Storing Webhook Data
How to store webhook events for persistence and analysis.
Why Store Webhook Data?
1. Meet Compliance Requirements
Many industries have regulations around data retention and audit trails:
- GDPR - You may need to demonstrate what communications were sent to users and when
- SOC 2 - Audit requirements may include delivery verification
- Financial regulations - Transaction-related messages may need to be retained for years
Storing your own webhook data gives you full control over retention periods and access controls.
2. Enable Long-term Retention
Sendable retains webhook logs for a limited period. If you need access to historical data beyond that window, storing events in your own database ensures you never lose important information.
3. Power Automated Workflows
With webhook data in your database, you can build powerful automations:
- Automatically handle failed deliveries
- Trigger follow-up messages based on read receipts
- Alert your team when delivery issues spike
- Re-engage users who haven't read recent messages
Database Options
PostgreSQL
Reliable, feature-rich database. Best if you already use Postgres.
Supabase
PostgreSQL with real-time subscriptions. Generous free tier.
Neon
Serverless Postgres that scales to zero. Pay for what you use.
ClickHouse
High-performance analytics database for large volumes.
BigQuery
Google's data warehouse for analytics and reporting.
Snowflake
Cloud data platform for enterprise analytics.
How to Store Webhook Data
Build Your Own Handler
Create a webhook endpoint that stores events:
import { Pool } from 'pg'
const db = new Pool({ connectionString: process.env.DATABASE_URL })

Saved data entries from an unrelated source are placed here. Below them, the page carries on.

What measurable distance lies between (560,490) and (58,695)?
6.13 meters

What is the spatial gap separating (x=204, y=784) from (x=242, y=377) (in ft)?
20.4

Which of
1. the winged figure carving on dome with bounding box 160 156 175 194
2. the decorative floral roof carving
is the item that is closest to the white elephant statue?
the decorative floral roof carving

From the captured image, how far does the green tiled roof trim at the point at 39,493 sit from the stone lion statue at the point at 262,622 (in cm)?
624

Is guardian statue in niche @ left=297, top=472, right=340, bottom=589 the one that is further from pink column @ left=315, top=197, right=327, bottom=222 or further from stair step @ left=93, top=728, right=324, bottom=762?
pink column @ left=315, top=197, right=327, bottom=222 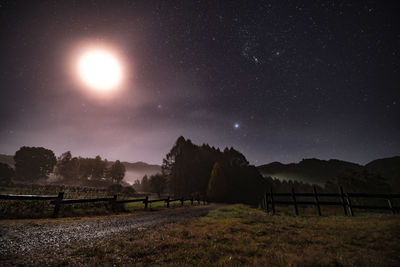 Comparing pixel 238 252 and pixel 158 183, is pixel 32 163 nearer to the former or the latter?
pixel 158 183

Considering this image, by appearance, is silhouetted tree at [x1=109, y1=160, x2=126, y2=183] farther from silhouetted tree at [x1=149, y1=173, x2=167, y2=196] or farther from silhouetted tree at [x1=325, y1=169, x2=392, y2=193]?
silhouetted tree at [x1=325, y1=169, x2=392, y2=193]

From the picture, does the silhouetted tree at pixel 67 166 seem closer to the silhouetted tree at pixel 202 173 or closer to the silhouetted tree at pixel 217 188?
the silhouetted tree at pixel 202 173

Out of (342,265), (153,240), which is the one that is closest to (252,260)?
(342,265)

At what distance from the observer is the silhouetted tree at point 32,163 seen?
3034 inches

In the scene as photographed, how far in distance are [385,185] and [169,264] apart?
69.7m

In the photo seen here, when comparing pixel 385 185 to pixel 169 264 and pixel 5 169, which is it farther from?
pixel 5 169

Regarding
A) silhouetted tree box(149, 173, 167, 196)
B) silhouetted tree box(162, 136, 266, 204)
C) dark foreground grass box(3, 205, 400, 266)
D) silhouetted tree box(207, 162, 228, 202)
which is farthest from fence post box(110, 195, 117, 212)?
silhouetted tree box(149, 173, 167, 196)

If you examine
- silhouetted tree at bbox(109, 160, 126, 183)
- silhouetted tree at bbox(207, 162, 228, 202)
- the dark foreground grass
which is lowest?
silhouetted tree at bbox(207, 162, 228, 202)

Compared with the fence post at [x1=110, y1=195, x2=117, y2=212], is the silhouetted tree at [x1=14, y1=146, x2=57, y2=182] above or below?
above

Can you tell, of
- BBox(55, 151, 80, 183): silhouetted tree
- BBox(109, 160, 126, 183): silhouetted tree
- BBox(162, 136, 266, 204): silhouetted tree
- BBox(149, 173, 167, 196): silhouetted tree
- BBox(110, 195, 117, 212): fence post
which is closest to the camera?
BBox(110, 195, 117, 212): fence post

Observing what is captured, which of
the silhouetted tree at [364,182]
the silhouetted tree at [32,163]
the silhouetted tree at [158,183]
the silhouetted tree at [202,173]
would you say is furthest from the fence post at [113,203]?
the silhouetted tree at [32,163]

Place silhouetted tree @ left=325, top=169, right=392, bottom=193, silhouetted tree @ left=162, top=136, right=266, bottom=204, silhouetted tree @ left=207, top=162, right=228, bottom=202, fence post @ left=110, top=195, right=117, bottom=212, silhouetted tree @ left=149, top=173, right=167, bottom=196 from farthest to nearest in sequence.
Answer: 1. silhouetted tree @ left=149, top=173, right=167, bottom=196
2. silhouetted tree @ left=162, top=136, right=266, bottom=204
3. silhouetted tree @ left=207, top=162, right=228, bottom=202
4. silhouetted tree @ left=325, top=169, right=392, bottom=193
5. fence post @ left=110, top=195, right=117, bottom=212

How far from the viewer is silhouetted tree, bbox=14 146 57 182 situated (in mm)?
77062

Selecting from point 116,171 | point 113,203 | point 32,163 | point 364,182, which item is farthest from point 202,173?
point 32,163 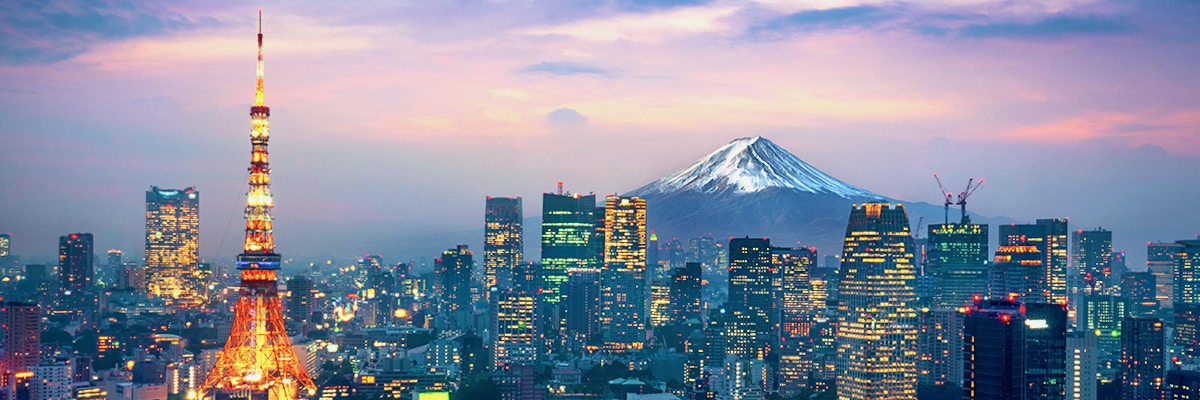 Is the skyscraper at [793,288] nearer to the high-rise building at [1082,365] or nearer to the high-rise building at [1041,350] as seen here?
the high-rise building at [1082,365]

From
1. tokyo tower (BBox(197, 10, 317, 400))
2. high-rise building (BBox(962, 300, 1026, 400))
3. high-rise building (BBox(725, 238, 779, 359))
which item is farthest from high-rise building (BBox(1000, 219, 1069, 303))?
tokyo tower (BBox(197, 10, 317, 400))

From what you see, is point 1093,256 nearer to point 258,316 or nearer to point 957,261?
point 957,261

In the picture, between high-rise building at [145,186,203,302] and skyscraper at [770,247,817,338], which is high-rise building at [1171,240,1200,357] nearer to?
skyscraper at [770,247,817,338]

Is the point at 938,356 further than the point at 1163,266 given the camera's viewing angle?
No

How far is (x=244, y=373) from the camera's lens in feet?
103

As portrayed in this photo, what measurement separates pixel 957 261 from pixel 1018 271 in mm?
2137

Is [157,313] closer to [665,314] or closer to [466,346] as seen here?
[466,346]

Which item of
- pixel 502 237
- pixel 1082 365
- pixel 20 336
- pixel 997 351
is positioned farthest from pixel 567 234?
pixel 997 351

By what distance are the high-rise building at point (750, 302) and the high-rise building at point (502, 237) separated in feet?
49.1

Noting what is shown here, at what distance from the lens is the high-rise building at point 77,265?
159ft

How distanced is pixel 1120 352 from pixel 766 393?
29.5ft

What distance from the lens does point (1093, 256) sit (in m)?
60.4

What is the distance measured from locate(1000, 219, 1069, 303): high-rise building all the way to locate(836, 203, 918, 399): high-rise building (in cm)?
1599

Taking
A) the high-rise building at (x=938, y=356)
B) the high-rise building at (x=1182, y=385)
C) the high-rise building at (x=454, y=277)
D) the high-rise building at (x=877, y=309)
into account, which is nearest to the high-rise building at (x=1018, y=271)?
the high-rise building at (x=938, y=356) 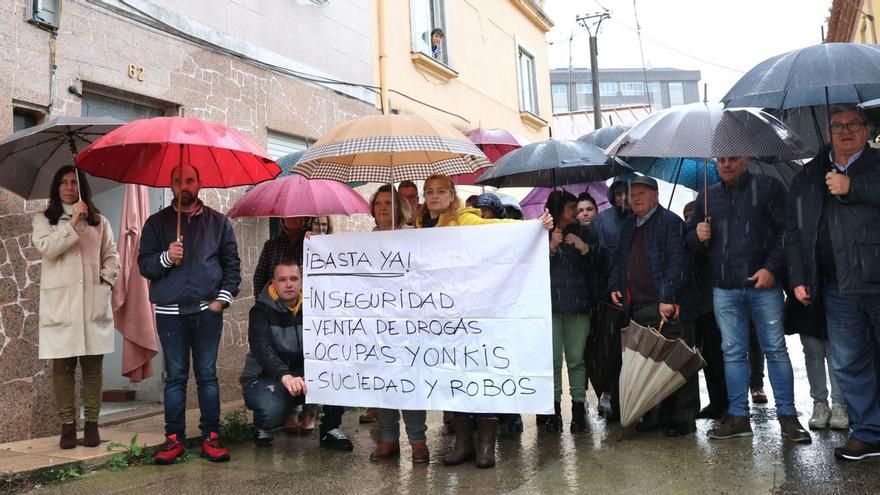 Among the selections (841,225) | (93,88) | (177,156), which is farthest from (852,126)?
(93,88)

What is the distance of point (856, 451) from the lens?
14.1 feet

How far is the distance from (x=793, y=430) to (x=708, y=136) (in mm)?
1932

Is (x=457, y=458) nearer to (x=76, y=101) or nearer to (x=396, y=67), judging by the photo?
(x=76, y=101)

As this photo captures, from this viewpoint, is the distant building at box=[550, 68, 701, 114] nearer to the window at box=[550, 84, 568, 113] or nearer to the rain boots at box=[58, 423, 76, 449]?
the window at box=[550, 84, 568, 113]

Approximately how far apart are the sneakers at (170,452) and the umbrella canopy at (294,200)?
2.00 meters

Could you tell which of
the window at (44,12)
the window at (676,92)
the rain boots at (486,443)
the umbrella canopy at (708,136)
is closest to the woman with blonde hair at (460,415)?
the rain boots at (486,443)

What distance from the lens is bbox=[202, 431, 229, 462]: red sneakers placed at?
5.01 m

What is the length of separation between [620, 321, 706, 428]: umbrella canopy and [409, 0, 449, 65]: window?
24.0 ft

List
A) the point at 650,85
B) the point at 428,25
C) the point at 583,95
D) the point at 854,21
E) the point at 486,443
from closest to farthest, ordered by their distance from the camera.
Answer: the point at 486,443 < the point at 428,25 < the point at 854,21 < the point at 583,95 < the point at 650,85

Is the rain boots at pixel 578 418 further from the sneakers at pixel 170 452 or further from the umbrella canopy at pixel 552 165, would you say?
the sneakers at pixel 170 452

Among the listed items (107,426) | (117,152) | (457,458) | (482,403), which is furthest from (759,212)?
(107,426)

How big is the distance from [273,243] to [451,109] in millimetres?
6549

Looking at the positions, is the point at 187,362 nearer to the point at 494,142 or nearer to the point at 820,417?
the point at 494,142

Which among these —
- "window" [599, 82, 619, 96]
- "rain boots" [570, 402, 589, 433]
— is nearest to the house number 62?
"rain boots" [570, 402, 589, 433] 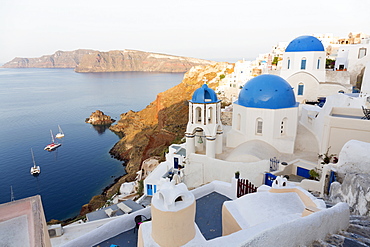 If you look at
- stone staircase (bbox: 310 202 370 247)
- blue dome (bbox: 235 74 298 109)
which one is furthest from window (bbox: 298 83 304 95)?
stone staircase (bbox: 310 202 370 247)

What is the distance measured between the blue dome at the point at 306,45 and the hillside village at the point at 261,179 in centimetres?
11

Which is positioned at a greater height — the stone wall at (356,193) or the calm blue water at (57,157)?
the stone wall at (356,193)

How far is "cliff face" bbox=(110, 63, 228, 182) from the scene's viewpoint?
42469 millimetres

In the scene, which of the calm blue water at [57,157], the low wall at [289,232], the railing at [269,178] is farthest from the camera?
the calm blue water at [57,157]

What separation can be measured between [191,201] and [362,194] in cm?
611

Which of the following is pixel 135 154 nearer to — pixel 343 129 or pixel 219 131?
pixel 219 131

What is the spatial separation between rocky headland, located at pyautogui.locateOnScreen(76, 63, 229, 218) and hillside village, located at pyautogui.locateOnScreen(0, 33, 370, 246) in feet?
36.6

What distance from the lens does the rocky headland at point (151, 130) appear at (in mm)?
38562

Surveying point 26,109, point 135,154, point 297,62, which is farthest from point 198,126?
point 26,109

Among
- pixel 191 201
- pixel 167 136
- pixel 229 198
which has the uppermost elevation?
pixel 191 201

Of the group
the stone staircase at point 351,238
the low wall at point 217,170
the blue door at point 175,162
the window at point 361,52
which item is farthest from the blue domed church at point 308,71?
the stone staircase at point 351,238

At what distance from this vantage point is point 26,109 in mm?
79938

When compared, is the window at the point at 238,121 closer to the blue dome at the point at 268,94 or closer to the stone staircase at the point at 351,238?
the blue dome at the point at 268,94

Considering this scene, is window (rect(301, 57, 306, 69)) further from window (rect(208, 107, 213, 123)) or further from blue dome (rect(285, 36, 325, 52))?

app.post('/webhook', async (req, res) => {
const { event, data, timestamp } = req.body
// Store event in database
await db.query(
`INSERT INTO webhook_events (event_id, event_type, payload, created_at)
VALUES ($1, $2, $3, $4)`,
[data.messageId, event, JSON.stringify(data), timestamp]
)
res.sendStatus(200)
})Database Schema
Example PostgreSQL schema:
CREATE TABLE webhook_events (
id SERIAL PRIMARY KEY,
event_id VARCHAR(255),
event_type VARCHAR(100),
payload JSONB,
created_at TIMESTAMP,
UNIQUE(event_id, event_type)
);
CREATE INDEX idx_event_type ON webhook_events(event_type);
CREATE INDEX idx_created_at ON webhook_events(created_at);What Data Should You Store?
At minimum, store these fields:
- Event ID - Unique identifier for deduplication
- Event type - What happened (delivered, read, failed, etc.)
- Timestamp - When the event occurred
- Message ID - Links back to the original message
For deeper analytics:
- Recipient - For per-user engagement tracking
- Message content - To analyze performance
- Session ID - To track by WhatsApp session
- Error details - To understand delivery issues
Data Retention
How Long to Keep Data
- Operational use - 30-90 days for debugging and recent analytics
- Compliance requirements - Check your industry regulations (often 1-7 years)
- Historical analysis - Consider aggregating old data
Privacy Considerations
Webhook data contains personal information (phone numbers). Ensure compliance:
- Implement appropriate access controls
- Consider data anonymization for long-term retention
- Have a process for handling data deletion requests
Storage Costs
High-volume senders can generate significant data:
- 10,000 messages/month = ~30,000-50,000 events
- Each event ~1-2 KB = ~50-100 MB/month raw data
Plan for:
- Database storage costs
- Query performance as data grows
- Archival strategies for old data
FAQ
How much data will I generate?
Each message can generate multiple events (sent, delivered, read, failed). Rough estimate: 10,000 messages/month with average engagement = 30,000-50,000 events/month, ~50-100 MB/month.
Will storing webhooks slow down my application?
No. Webhook processing happens asynchronously. Your message sending is not affected. Process webhooks in the background to avoid blocking.
What if I miss a webhook?
Sendable automatically retries failed webhook deliveries for up to 24 hours. If your endpoint returns a 5xx error, we'll retry with exponential backoff.